§6.4 Working With The Requestor

JurisdictionWashington

§6.4 WORKING WITH THE REQUESTOR

The receipt of a PRA request starts an ongoing relationship with the PRA requestor. Often, there may be a single additional interaction—producing the responsive records—but other times, a thorough PRA response will require significant interaction between the requestor and the agency.

(1) The initial response

In 2017, the legislature revised RCW 42.56.520 and RCW 42.56.080 on how agencies must respond to a PRA request, partly in response to Hikel v. City of Lynnwooal, 197 Wn.App. 366, 389 P.3d 677 (2016). In that case, the city's five-day response sought clarification of an extremely broad—but not unclear—request but did not provide a time estimate for its responsive first installment. The court held that RCW 42.56.520 did not permit a "seek clarification" response when the request sought an identifiable record. Citing the Public Records Act Deskbook, the court held that the city should have included a time estimate for a first installment, even if that estimate was speculative. Hikel, 197 Wn.App. at 375 (quoting Washington Public Records Act Deskbook §6.5(1) cmt. at 6-22 (Wash. State Bar Assoc. 2d ed. 2014).

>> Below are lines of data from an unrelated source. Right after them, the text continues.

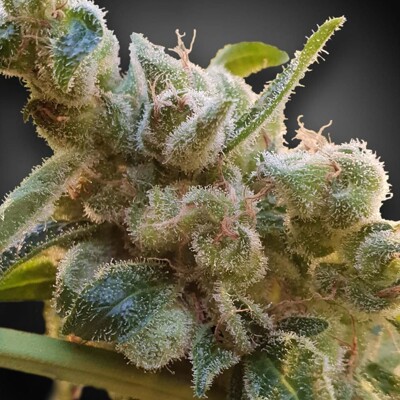 Paradise Seeds CBDrelax 5 pcs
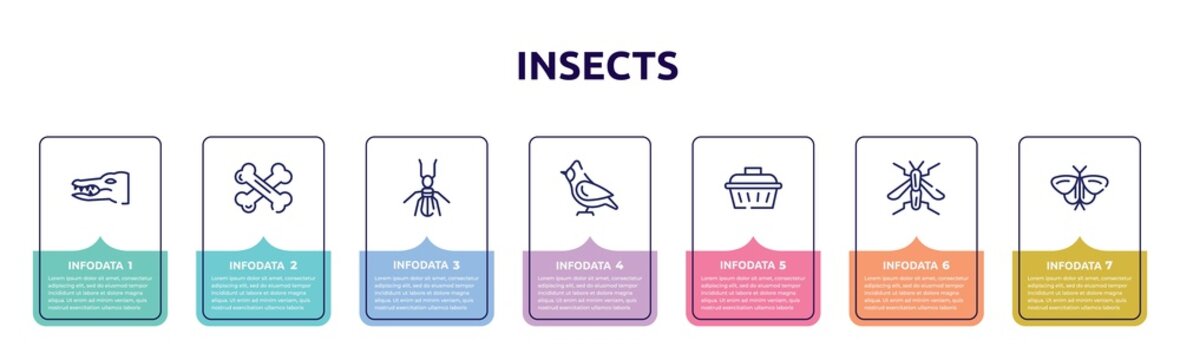 insects concept infographic design template. included crocodile, bones, termite, cardinal, pet cage, wasp, moth icons and 7 option or steps.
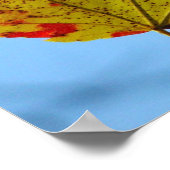 Geel rood esdoornblad Poster (Hoek)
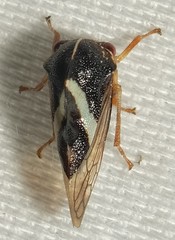 Smilia fasciata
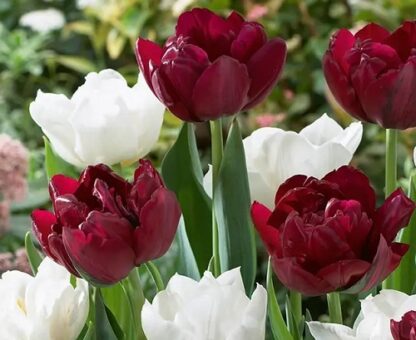 Tulip ‘double Finesse’ Mix - Pack of 25 Bulbs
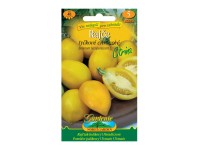 Gardenie Rajče tyčkové citronové CITRINA, žluté
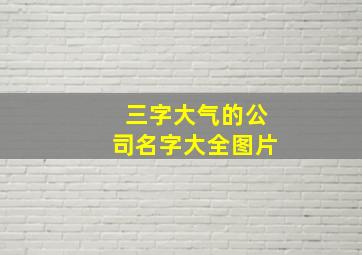 三字大气的公司名字大全图片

Amended RCW 42.56.520 now allows a request for clarification to meet an agency's five-day response deadline. By that five-business-day deadline, the agency must either (1) provide the records, (2) provide an internet link to the records unless the agency has been informed that the requestor cannot access the record through the internet, (3) provide the requestor with a reasonable time estimate for a first installment of records, (4) seek clarification for any unclear portions of the request while still providing a reasonable time estimate to the extent possible, or (5) deny the request. RCW 42.56.520(1)(a) -(e).

When a request is not one that can be completed in five days or less, the receipt of the PRA request is often the first step in defining the scope of that request. A public records officer must be prepared to communicate and work with a requestor. The public records officer may seek clarification, work with the requestor to focus or narrow a request, or assist the requestor to formulate a request sufficient to fulfill the requestor's objectives. To be effective, the public records officer's efforts must be carried out with the attitude of providing the fullest assistance, recognizing that the agency's records are really the public's records and the public records officer is simply providing access.

Working in conjunction with requestors demonstrates a spirit of collaboration and the agency's desire to be transparent. Working together helps requestors feel involved in the process, promotes service excellence, and allows the requestor and the agency to benefit from the collaboration.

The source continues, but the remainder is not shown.